By default, the JP2OpenJPEG driver uses a lossy compression (my personal take on JPEG2000 is that it has very limited interested when used in its lossless profile. Better use more conventional algorithms that are way faster).

See https://gdal.org/drivers/raster/jp2openjpeg.html#lossless-compression for options to pass to get a lossless JPEG2000 as output.

 

So all in all that should be something like

 

gdal.Translate(mem, "B01.jp2",

format = "JP2OpenJPEG", # in case you have several JP2K drivers available

options = ["REVERSIBLE=YES", "QUALITY=100"])

 

 

--

Spatialys - Geospatial professional services

http://www.spatialys.com

Sean Gillies
 

Hi,

On Wed, Apr 29, 2020 at 9:40 AM Guillaume Lostis <g.lostis@...> wrote:

Like Ciaran I'm not very familiar with GDAL's python bindings, but I've tried running a little snippet which I believe does the same thing as what was done with rasterio: it writes a JP2 to a vsimem in-memory file, and then writes the bytes to a file on disk.

from osgeo import gdal

mem, out = "/vsimem/B01.jp2", "new_B01.jp2"
gdal.Translate(mem, "B01.jp2")

# Taken from https://lists.osgeo.org/pipermail/gdal-dev/2016-August/045030.html
f = gdal.VSIFOpenL(mem, "rb")
gdal.VSIFSeekL(f, 0, 2)  # seek to end
size = gdal.VSIFTellL(f)
gdal.VSIFSeekL(f, 0, 0)  # seek to beginning
data = gdal.VSIFReadL(1, size, f)
gdal.Unlink(mem)

with open(out, "wb") as ff:
    ff.write(data)

When I look at the gdalinfo of new_B01.jp2, it has a CRS and a transform, so I am not able to reproduce the behavior we have with rasterio.

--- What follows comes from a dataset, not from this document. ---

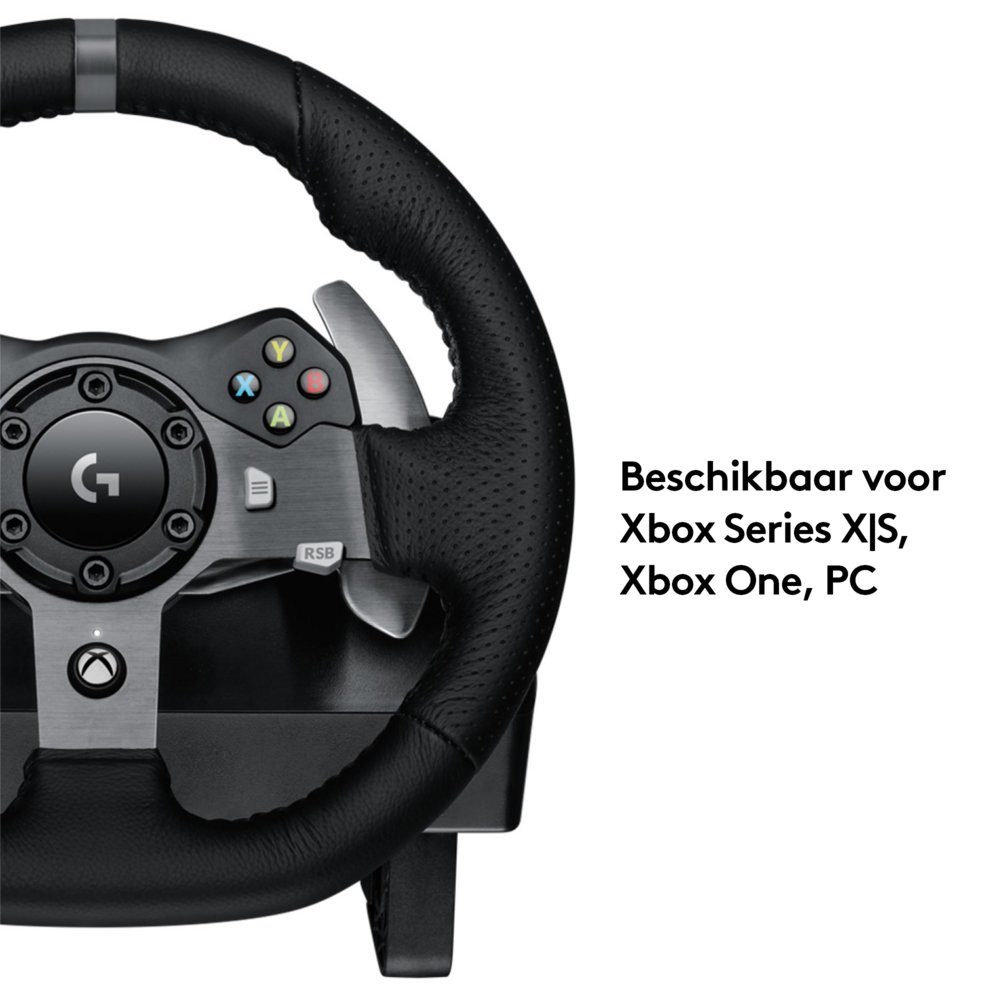 Logitech G920 Driving Force | Racestuur en pedalen | Force Feedback | 900° rotatie | USB 2.0 | Compatibel met Xbox Series X|S, Xbox One en PC | Zwart 7 Logitech G920 Driving Force | Racestuur en pedalen | Force Feedback | 900° rotatie | USB 2.0 | Compatibel met Xbox Series X|S, Xbox One en PC | Zwart - Afbeelding 7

(Side note: Interestingly enough, the pixel values of new_B01.jp2 have slightly changed with respect to the original B01.jp2 file, so there is some data loss somewhere in the process. But maybe that is expected of the JP2 format and could be avoided by passing extra arguments to gdal.Translate? I mainly have experience with writing GeoTIFFs, writing JP2s is new to me)

Guillaume

I've only now remembered (not being a regular jp2 user) that JPEG2000 is a create-copy format (see https://gdal.org/drivers/raster/index.html) and as such is not suited for uses cases like

    with rasterio.open("file.jp2", "w", driver="JP2OpenJPEG", ...) as dataset:
        dataset.write(data)

Rasterio tries to abstract over the differences between "create" and "create-copy" formats, but might falter in some cases. We're testing JPEG and PNG in the test suite, but not JPEG2000. If you're constructing a dataset from the bands of multiple other datasets, you should probably be using GeoTIFF as a format, it's well suited for this. And then convert to JPEG2000 before uploading to S3 using rasterio.shutil.copy, which calls on GDAL's GDALCreateCopy and is mostly equivalent to gdal_translate.

--
Sean Gillies

ciaran.evans@...
 

I think the problem is that I'm trying to do the conversion in memory, not on disk. If I've read your latest reply correctly, I'd convert to JPEG2000 on disk and then copy to S3?

Can I do the conversion via rasterio.shutil.copy in memory?